Ship-mast coins

Sailing vessels would often be provided with one or more lucky coins when they were built to ensure favourable winds for swift sailing and good profits.. The coins were usually placed under the boat's mast. The following description of the procedure comes from Storfjord in Troms: When they made a new boat they placed a coin in the garboard seam. They made a hole the size of the coin in the seam and wound a piece of burlap around the coin before inserting it into the hole. This was done to ensure large profits from the new boat and for good fortune in general. When they later started building housing on board the boats, they placed a coin in the housing structure. The owner of the boat was supposed to insert the coin, and it was to be done in secret. 

Many people believed that foreign coins had a more powerful effect than domestic coins. 

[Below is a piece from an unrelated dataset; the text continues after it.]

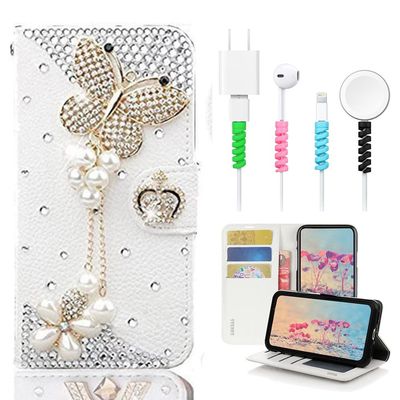 STENES Bling Wallet Case Compatible with iPod Touch 7th Gen (2019) - Stylish - 3D Handmade Butterfly Pearl Pendant Design Leather Cover with Cable Protector [4 Pack] - White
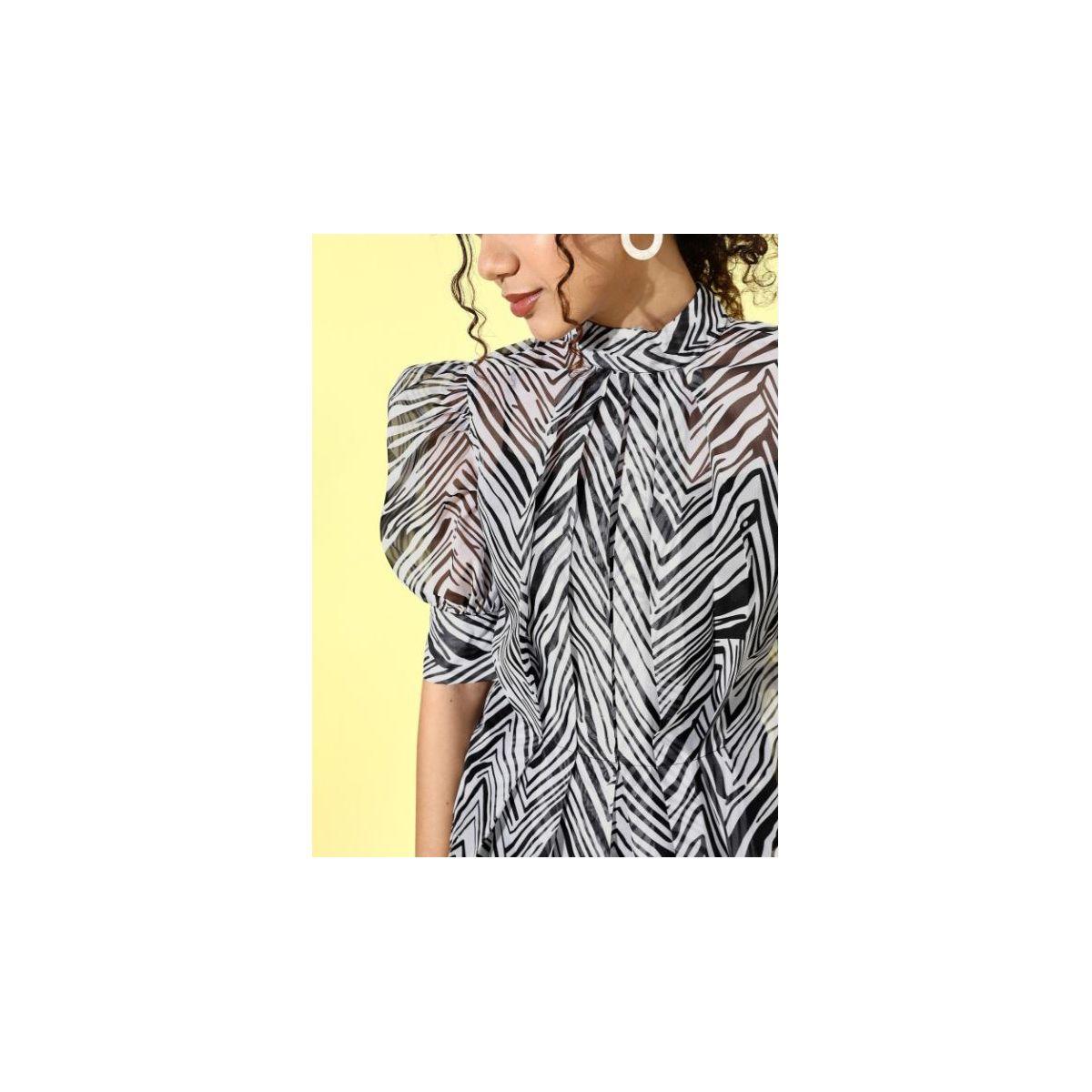 بلوزة مطبعة بالكامل وأكمام منفوخة مع بلوزة كامي كَسوالي × ستايلي-women-clothing-tshirts-image-4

Placing a coin under the ship's mast is a tradition that dates back to the Roman times and perhaps even further back.

Votive finds

According to the Old Norse epic, Ynglingatal, the Nordic god Odin introduced a law bidding that all the dead be burned along with their possessions. Each person would enter Valhalla with the riches that accompanied him on the funeral pyre, he said. He would also enjoy the benefit of whatever riches he had personally buried in the ground. 
When only a single coin was provided for a dead person, it was presumably in consideration of the passage to the realm of the dead. The journey involved crossing rivers and lakes, where the dead would have to pay for help with the crossing. The ferryman in the afterlife of the ancient Greeks, Charon, demanded an obol, or halfpenny for the passage. The fare for the ferry to the realm of the dead has been named Charon's obol in several civilisations other than the Greek. 

Offerings for buildings

The tradition of embedding coins in the cornerstones of buildings dates back to ancient Greece. In Norway, archaeological excavations of stave churches from the 1100s have revealed coins at the bottom of holes in which pillars were raised. The tradition can be traced through history up to the present.

The cornerstone for the Norwegian Storting, or parliament building, was laid down in 1861. Samples of coins from that year were, according to tradition, embedded in the stone. However, the mint at Kongsberg was having trouble producing the coins. This was the first year of coins bearing the name of the new king, Carl XV. The sculptor Brynjulf Bergslien had made models for the obverse that included a portrait of the king. The dies, which were made in Copenhagen, proved practically useless according to Mint-master Langberg. With great difficulty, 11 coins of each monetary unit were struck for the finance department, and some of these were embedded in the cornerstone of Stortinget. As a result, the building harbours some exceptionally rare and valuable coins.